▶ **WHAT TO WORK ON**: Nothing but the lines from the start of the entries through the line containing "bali & pari" should appear in the answer, each given exactly.

▶ **LISTED ENTRIES**:

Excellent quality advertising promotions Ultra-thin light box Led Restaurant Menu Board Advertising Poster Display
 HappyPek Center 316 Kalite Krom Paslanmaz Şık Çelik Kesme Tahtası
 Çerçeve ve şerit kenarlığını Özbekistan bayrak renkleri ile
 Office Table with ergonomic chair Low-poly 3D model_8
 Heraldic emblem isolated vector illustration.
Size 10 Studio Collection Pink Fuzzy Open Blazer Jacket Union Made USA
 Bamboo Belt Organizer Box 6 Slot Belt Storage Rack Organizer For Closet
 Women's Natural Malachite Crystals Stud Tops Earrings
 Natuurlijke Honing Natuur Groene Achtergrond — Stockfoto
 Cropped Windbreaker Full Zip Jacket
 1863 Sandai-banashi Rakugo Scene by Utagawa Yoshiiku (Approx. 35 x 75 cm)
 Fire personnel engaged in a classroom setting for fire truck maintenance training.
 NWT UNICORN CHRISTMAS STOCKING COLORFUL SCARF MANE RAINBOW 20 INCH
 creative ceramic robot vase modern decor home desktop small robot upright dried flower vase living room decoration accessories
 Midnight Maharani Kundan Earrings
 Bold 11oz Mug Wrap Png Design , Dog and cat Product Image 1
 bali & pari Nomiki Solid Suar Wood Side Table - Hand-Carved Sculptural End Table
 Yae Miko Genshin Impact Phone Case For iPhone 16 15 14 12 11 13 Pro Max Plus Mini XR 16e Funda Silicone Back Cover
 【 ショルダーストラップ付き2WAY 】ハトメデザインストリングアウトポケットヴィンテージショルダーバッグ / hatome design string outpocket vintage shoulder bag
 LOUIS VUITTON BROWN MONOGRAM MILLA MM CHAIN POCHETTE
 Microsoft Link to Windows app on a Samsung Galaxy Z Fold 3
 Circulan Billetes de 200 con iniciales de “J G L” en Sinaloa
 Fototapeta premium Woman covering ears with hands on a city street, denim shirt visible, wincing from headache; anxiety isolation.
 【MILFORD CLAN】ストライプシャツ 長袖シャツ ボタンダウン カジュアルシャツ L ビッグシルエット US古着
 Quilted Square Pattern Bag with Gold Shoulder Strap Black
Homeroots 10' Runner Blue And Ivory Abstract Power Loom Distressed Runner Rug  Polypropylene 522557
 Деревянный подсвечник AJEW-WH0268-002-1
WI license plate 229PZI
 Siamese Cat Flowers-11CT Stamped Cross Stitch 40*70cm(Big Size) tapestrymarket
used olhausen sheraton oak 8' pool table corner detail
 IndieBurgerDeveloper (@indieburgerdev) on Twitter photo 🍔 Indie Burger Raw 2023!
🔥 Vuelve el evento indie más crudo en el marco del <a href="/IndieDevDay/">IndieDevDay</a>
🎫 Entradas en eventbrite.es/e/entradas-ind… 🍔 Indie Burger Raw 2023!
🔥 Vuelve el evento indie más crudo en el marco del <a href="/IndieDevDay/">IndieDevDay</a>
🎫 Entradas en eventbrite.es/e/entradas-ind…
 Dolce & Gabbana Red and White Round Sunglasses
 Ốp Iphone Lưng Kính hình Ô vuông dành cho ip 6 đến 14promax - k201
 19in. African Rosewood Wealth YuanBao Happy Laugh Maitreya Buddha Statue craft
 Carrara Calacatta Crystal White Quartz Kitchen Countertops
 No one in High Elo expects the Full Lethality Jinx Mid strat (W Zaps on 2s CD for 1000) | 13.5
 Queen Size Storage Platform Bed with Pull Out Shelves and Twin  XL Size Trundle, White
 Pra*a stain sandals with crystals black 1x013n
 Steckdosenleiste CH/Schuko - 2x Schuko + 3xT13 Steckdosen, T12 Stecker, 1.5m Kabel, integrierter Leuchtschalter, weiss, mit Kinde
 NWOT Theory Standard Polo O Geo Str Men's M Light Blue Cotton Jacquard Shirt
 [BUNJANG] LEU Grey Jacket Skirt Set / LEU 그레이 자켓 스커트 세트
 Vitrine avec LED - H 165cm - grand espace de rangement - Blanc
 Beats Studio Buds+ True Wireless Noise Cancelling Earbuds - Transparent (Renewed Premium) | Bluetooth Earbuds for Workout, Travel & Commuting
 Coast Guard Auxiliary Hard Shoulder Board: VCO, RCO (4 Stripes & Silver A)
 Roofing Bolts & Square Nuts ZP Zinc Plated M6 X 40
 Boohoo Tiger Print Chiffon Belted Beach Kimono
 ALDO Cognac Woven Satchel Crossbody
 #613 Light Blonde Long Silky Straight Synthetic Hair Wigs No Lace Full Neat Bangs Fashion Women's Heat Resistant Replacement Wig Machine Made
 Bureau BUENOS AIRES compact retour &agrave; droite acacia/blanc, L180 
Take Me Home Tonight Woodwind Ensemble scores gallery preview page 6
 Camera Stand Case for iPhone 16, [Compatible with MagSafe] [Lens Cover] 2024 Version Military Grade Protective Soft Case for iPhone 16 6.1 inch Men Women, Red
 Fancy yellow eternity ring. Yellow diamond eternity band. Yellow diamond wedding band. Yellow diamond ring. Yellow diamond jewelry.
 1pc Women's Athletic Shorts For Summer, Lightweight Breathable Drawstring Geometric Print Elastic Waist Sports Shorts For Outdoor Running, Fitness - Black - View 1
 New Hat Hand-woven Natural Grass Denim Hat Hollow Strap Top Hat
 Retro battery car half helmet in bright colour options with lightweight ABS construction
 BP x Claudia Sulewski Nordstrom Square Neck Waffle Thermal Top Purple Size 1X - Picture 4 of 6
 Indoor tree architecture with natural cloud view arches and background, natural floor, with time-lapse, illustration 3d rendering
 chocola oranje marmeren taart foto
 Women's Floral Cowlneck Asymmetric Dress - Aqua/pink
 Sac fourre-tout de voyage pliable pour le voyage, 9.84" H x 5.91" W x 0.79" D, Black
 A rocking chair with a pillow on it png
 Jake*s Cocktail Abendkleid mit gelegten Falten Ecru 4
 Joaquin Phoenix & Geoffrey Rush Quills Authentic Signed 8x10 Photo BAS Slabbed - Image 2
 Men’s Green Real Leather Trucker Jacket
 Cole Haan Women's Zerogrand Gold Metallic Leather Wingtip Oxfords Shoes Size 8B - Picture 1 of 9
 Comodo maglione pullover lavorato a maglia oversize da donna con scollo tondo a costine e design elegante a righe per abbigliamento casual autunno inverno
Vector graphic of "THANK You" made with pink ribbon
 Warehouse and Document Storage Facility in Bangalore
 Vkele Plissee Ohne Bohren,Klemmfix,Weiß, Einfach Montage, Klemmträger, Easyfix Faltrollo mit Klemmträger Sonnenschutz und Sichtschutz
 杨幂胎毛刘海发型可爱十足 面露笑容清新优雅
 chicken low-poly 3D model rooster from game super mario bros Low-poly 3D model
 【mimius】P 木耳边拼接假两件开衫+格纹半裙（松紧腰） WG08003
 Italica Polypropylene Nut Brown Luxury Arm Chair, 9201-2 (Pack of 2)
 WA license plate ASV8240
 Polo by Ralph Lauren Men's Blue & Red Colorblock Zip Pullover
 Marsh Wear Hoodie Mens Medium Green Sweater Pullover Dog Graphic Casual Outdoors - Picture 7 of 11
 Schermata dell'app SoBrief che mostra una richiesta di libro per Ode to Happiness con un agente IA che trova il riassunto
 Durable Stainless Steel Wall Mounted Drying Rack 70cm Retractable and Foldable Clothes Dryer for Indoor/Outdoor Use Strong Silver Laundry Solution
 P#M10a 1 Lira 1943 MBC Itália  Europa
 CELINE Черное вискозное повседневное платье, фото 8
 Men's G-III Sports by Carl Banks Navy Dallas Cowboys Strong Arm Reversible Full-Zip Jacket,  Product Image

▶ **ANSWER SECTION**:
Excellent quality advertising promotions Ultra-thin light box Led Restaurant Menu Board Advertising Poster Display
 HappyPek Center 316 Kalite Krom Paslanmaz Şık Çelik Kesme Tahtası
 Çerçeve ve şerit kenarlığını Özbekistan bayrak renkleri ile
 Office Table with ergonomic chair Low-poly 3D model_8
 Heraldic emblem isolated vector illustration.
Size 10 Studio Collection Pink Fuzzy Open Blazer Jacket Union Made USA
 Bamboo Belt Organizer Box 6 Slot Belt Storage Rack Organizer For Closet
 Women's Natural Malachite Crystals Stud Tops Earrings
 Natuurlijke Honing Natuur Groene Achtergrond — Stockfoto
 Cropped Windbreaker Full Zip Jacket
 1863 Sandai-banashi Rakugo Scene by Utagawa Yoshiiku (Approx. 35 x 75 cm)
 Fire personnel engaged in a classroom setting for fire truck maintenance training.
 NWT UNICORN CHRISTMAS STOCKING COLORFUL SCARF MANE RAINBOW 20 INCH
 creative ceramic robot vase modern decor home desktop small robot upright dried flower vase living room decoration accessories
 Midnight Maharani Kundan Earrings
 Bold 11oz Mug Wrap Png Design , Dog and cat Product Image 1
 bali & pari Nomiki Solid Suar Wood Side Table - Hand-Carved Sculptural End Table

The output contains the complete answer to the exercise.